News – Mehrere Aktivisten fordern endlich eine Anschnallpflicht im letzten US-Bundesstaat New Hampshire, der bisland darauf verzichtet. Doch unglücklicherweise gibt die Unfallstatistik den Gurtmuffeln an der Ostküste recht.
Für uns vollkommen unvorstellbar, aber die Amerikanerin Debbie Morrill hat sich ihr Leben lang noch nie angeschnallt.
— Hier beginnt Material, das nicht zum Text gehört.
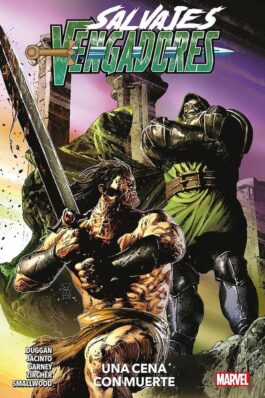 MARVEL PREMIERE. SALVAJES VENGADORES 02 UNA CENA CON MUERTE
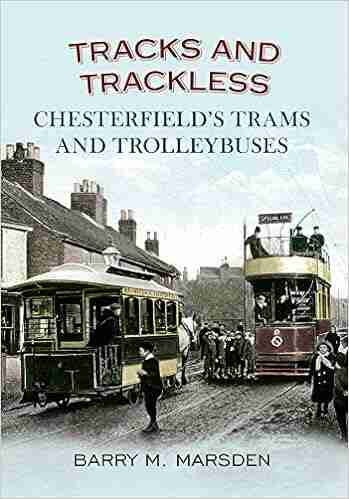 Tracks And Trackless: Chesterfield S Trams Trolleybuses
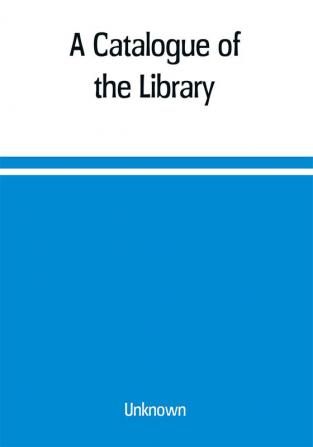 A Catalogue of the Library Belonging to the society of Antiquaries Newcastle-upon-tyne of inclusive of the manuscripts drawings prints and maps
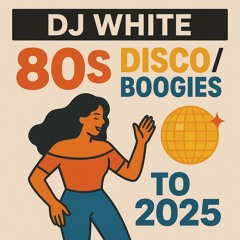 80s Disco/Boogies To 2025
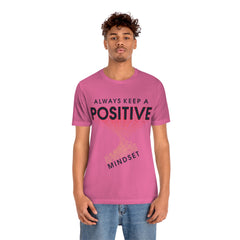 Positive Mindset Unisex Jersey Short Sleeve Tee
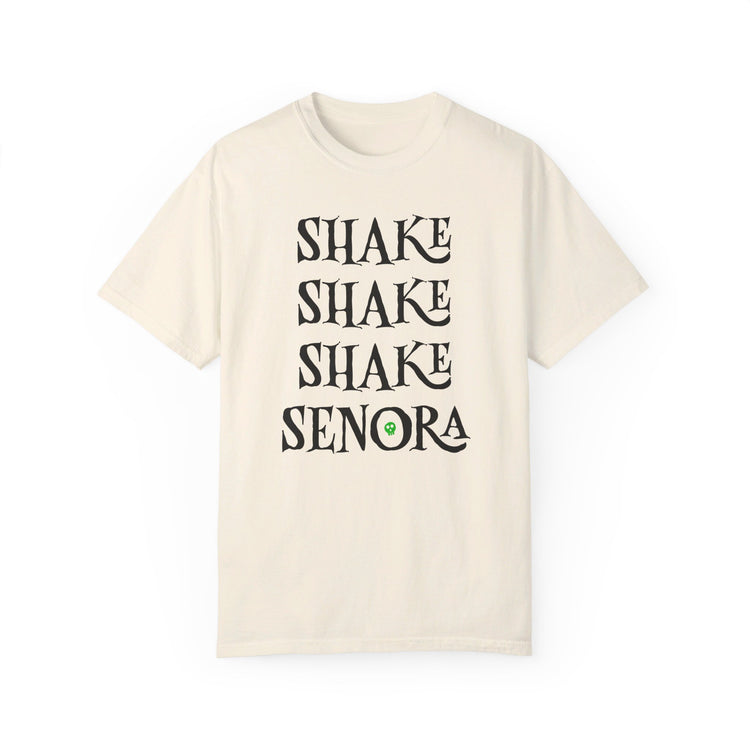 Shake Shake Shake Senora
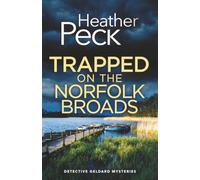 TRAPPED ON THE NORFOLK BROADS: A gripping British crime mystery (Detective Geldard Mysteries)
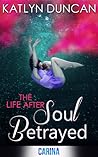 Soul Betrayed by Katlyn Duncan
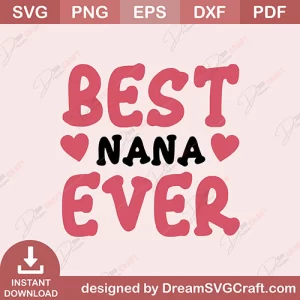 Best Nana Ever SVG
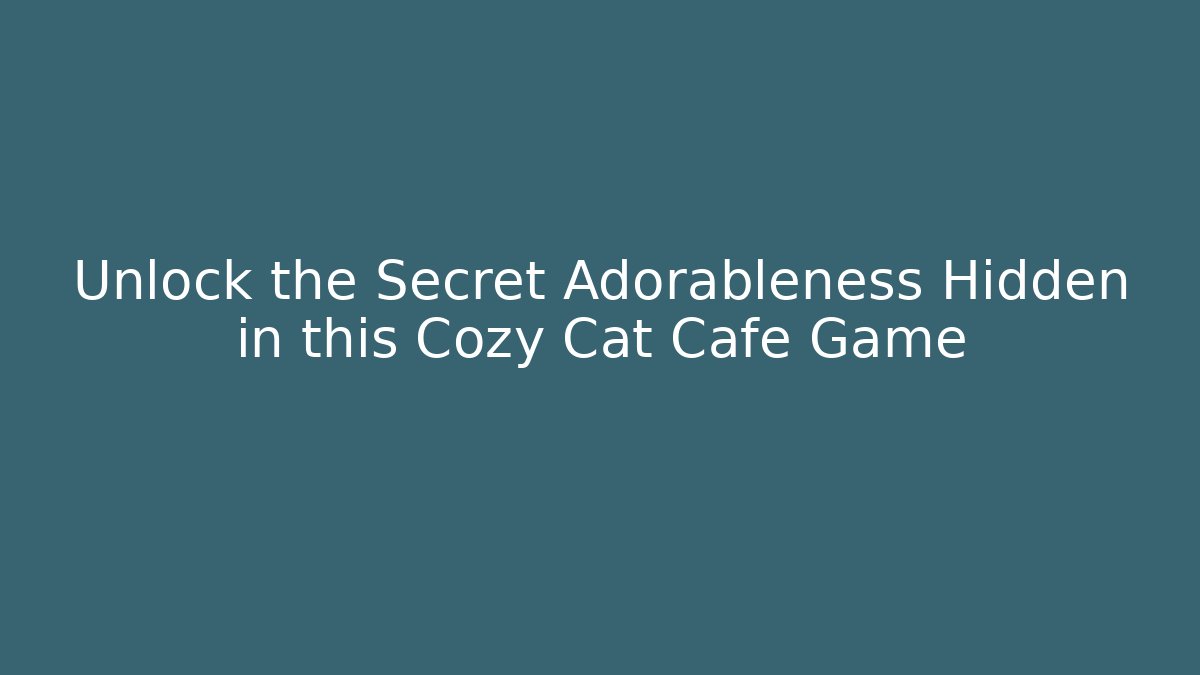 Unlock the Secret Adorableness Hidden in this Cozy Cat Cafe Game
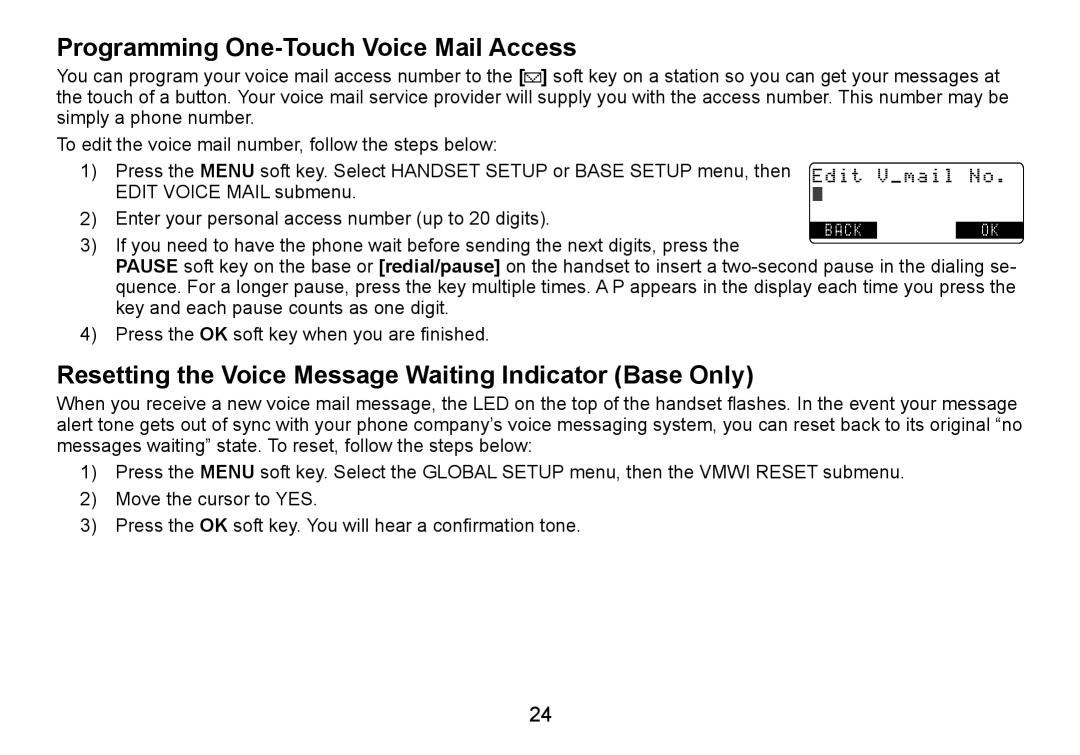 Uniden TRU9465 manual Programming One-Touch Voice Mail Access, Resetting the Voice Message Waiting Indicator Base Only 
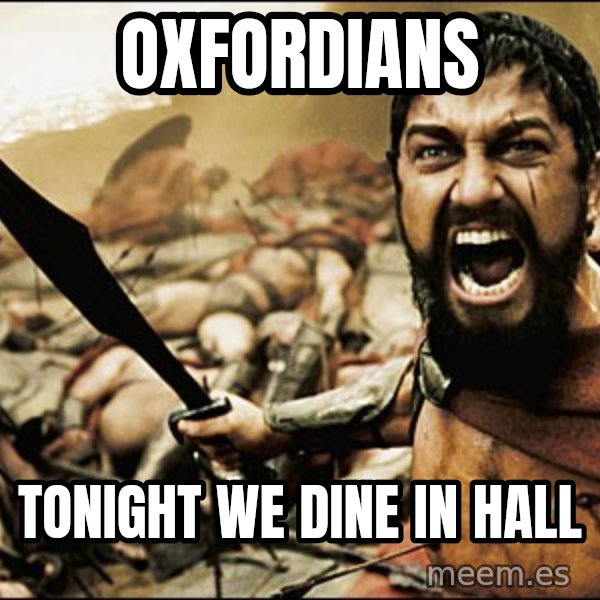 This Is Sparta Meme meme: oxfordians / tonight we dine in hall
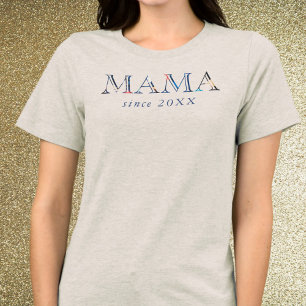 Camiseta Triblenda Mamá desde el año Personalizado Tipografía Madre s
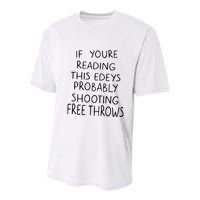 If YouRe Reading This EdeyS Probably Shooting Free Throws Youth Performance Sprint T-Shirt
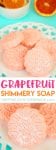 grapefruit shimmery soap gift idea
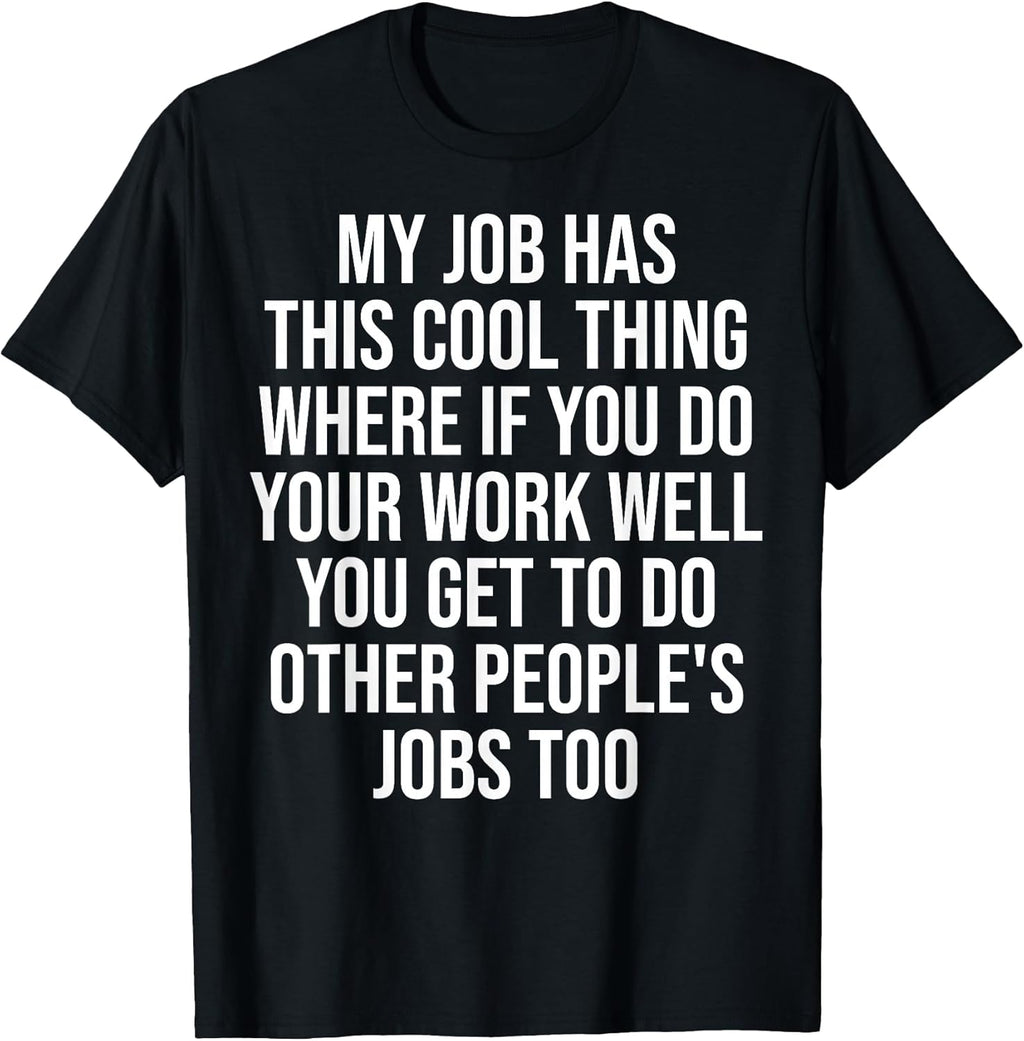 Funny My Job Has This Cool Thing Doing Other People's Jobs T-Shirt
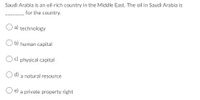 Saudi Arabia is an oil-rich country in the Middie East. The oil in Saudi Arabia is
for the country.
O a) technology
b) human capital
Oc) physical capital
O d) a natural resource
O e) a private property right
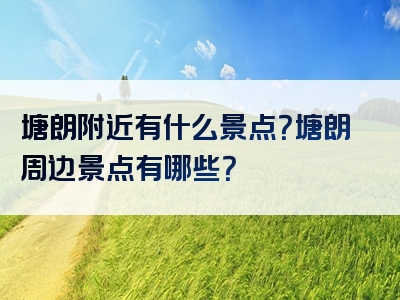 塘朗附近有什么景点？塘朗周边景点有哪些？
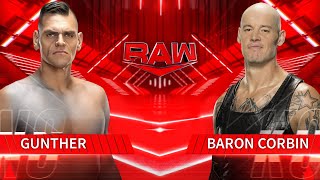 WWE2K24  Gunther vs Baron Corbin  One On One Match [upl. by Ominoreg]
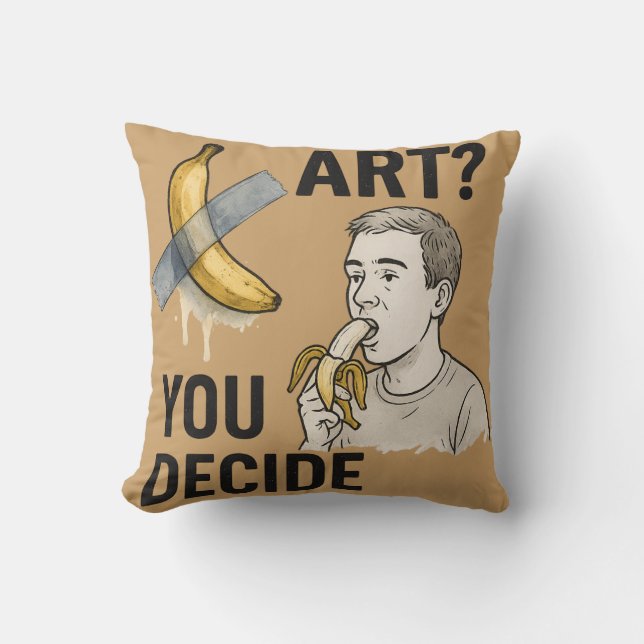 Kunst oder Snack? Die Bananendebatte Kissen (Vorderseite)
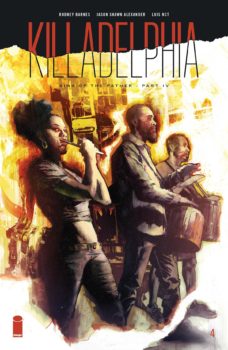 Killadelphia #4 Review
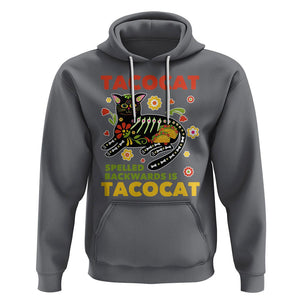 Funny Taco Cat Lover Hoodie Tacocat Spelled Backwards Tacos And Mexican Cats TS09 Charcoal Printyourwear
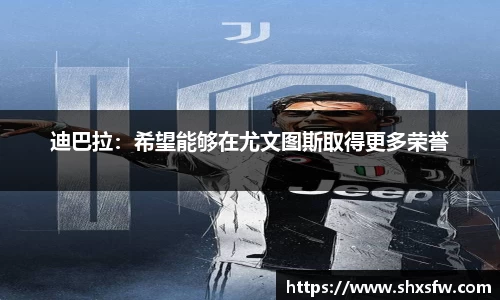 迪巴拉：希望能够在尤文图斯取得更多荣誉
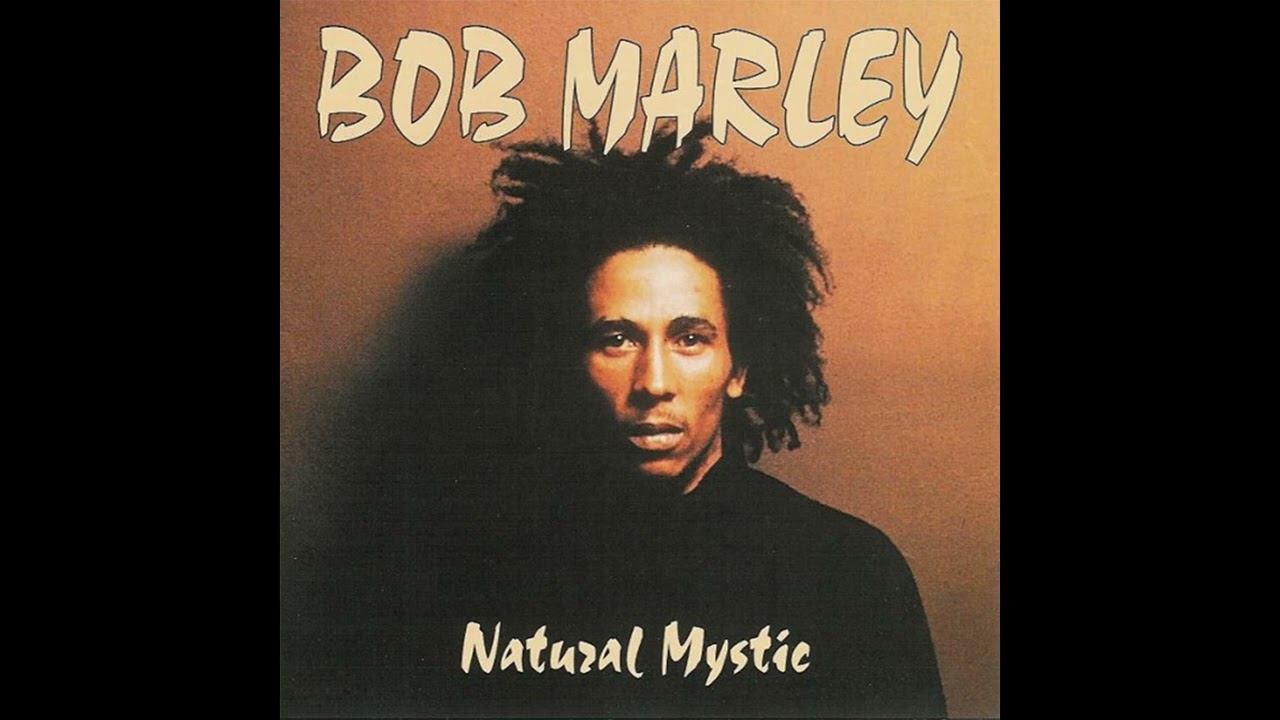 BOB MARLEY - NATURAL MYSTIC (FULL ALBUM)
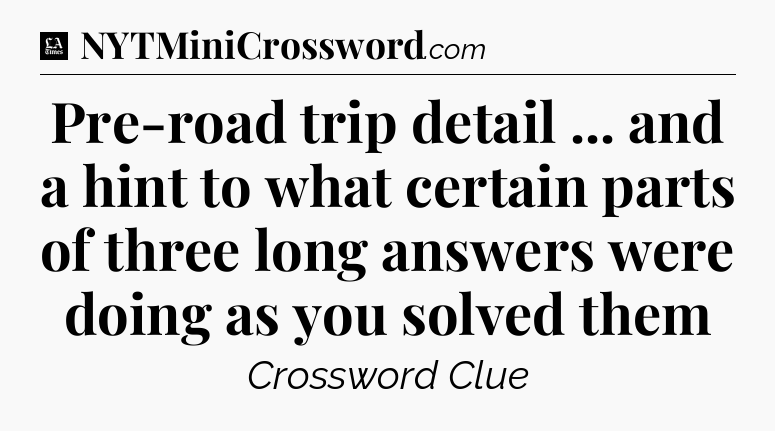 Pre-road trip detail ... and a hint to what certain parts of three long answers were doing as you solved them - LA Times Crossword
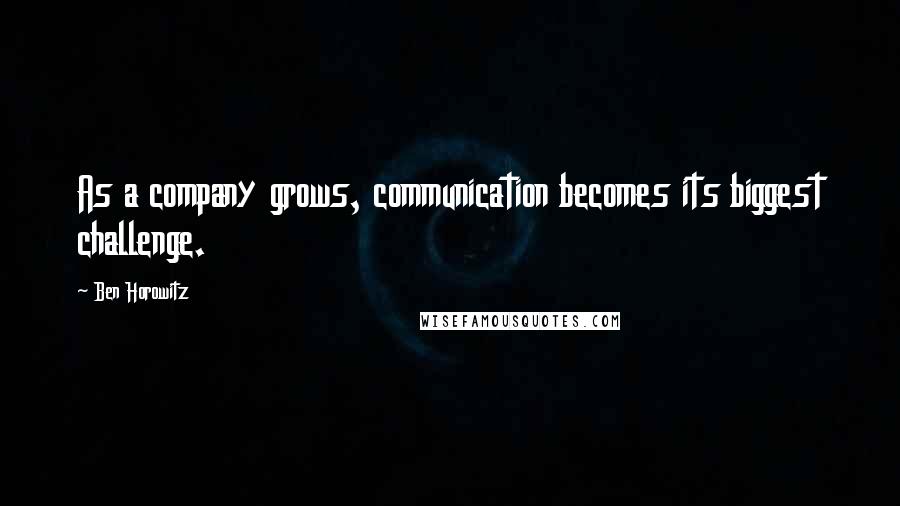 Ben Horowitz quotes: As a company grows, communication becomes its biggest challenge.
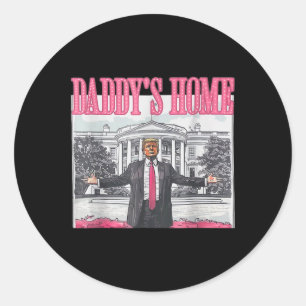 Sticker Rond Trump 2024 Prenez America Ck Daddy's Home Trump Pi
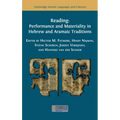 Reading: Performance and Materiality in Hebrew and Aramaic Traditions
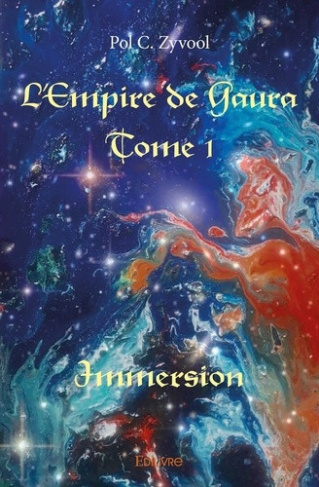 k-zyvool-pol-l-empire-de-gaura-tome-1-immersion_0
Zitat: „Warum auch?“, fragt die 61-Jährige, die als Hotelmanagerin in der amerikanischen Kleinstadt Portsmouth arbeitet. „Ich bin ein Kind der 60er-Jahre“, erklärt die resolute Dame. „Damals“, sagt sie voller Stolz, „wurde die Freiheit noch großgeschrieben. Nicht überall nur Gesetze und Vorschriften. Hat’s uns geschadet? Ich glaube nicht. Von meinen Kindheitsfreunden sind jedenfalls alle noch am Leben.“
Genauso wie Debbie Morrill denken viele in New Hampshire, einem kleinem Landstrich mit gerade einmal 1,3 Mio. Einwohnern, der im Norden an Kanada und im Südosten an den Atlantik grenzt. Freiheit gilt dort als das Wichtigste. Im Jahre 1776 war New Hampshire mit die erste Kolonie, die den Briten die Unabhängigkeit erklärte, rührt daher auch das offizielle Staatsmotto: „Live Free or Die“, zu deutsch: „lebe frei oder stirb.“ New Hampshire lebt diesen Satz bis heute. Und ist der einzige US-Bundesstaat ohne gesetzliche Anschnallpflicht, für alle die älter als 18 Jahre alt sind.
Schock-Videos sollen helfen
Howard Hedegard kämpft seit etwa 30 Jahren für eine Gesetzesänderung. So steht der Experte für Verkehrssicherheit zum Beispiel regelmäßig vor Schulklassen, um jungen Menschen das Angurten schmackhaft zu machen.
„Wenn ein alter weißer Mann redet, hört sowieso keiner zu“, sagt Hedegard nachdenklich.
Aus diesem Grund fährt er immer zweigleisig: Zuerst zeigt er Statistiken, die den Sinn des Sicherheitsgurtes verständlich machen sollen und dann folgen sogenannte Schock-Videos, in denen nicht angeschnallte Fahrzeuglenker aus ihrem Wagen geschleudert und von anderen Autos überrollt werden.
„In vielen Fällen hat die Fahrgastzelle den Crash überstanden“, sagt der Gurtbefürworter. „Die Fahrer sind nur deshalb tot, weil sie unangeschnallt waren.“
Howard Hedegard hat extra viele dieser Beispiele gesammelt. Zudem leitet er auch selbst die Anschnall-Kampagne von einem Kinderkrankenhaus aus, wobei die Stelle größtenteils aus staatlichen Mitteln finanziert wird – Paradoxerweise. Denn schließlich hat sich das Landesparlament mehrfach gegen eine Anschnallpflicht ausgesprochen, zuletzt im Jahr 2009, als einige Demokraten einen Gesetzesvorstoß wagten.
„Viele denken, wir seien extrem konservativ“, sagt Hedegard, „aber das stimmt nicht.“ Tatsächlich dürfen auch in New Hampshire gleichgeschlechtliche Paare heiraten, in Kneipen herrscht striktes Rauchverbot und schon bald könnte sogar Marihuana legalisiert werden. „Nur beim Autofahren hört die Logik auf“, sagt Hedegard. „Es ist ein bisschen wie in Deutschland mit dem Tempolimit auf der Autobahn.“
Eine Gurtpflicht passt eben nicht zu Freiheit & Selbstbestimmung der USA
Regelmäßig werden Gurtmuffel und -träger von Freiwilligen gezählt, um herauszufinden, wie es um die automobile Freiheitsliebe bestellt ist. Dabei stellen sich die Freiwilligen an den Straßenrand und führen eine Strichliste, aus der die Anschnallquote später hochgerechnet wird.
Das Ergebnis ist ernüchternd: Im Bundesstaat New Hampshire nutzen nur rund 70 Prozent der Verkehrsteilnehmer ihren Gurt; im restlichen Land sind es wenigstens 87 Prozent. Im internationalen Vergleich ist das nur ein bescheidener Wert. Vergleichsweise liegt In Deutschland die Anschnallquote bei 98 Prozent. Interessanterweise werden in den USA dagegen sogar Crashtests auch mit nicht angegurteten Dummys durchgeführt.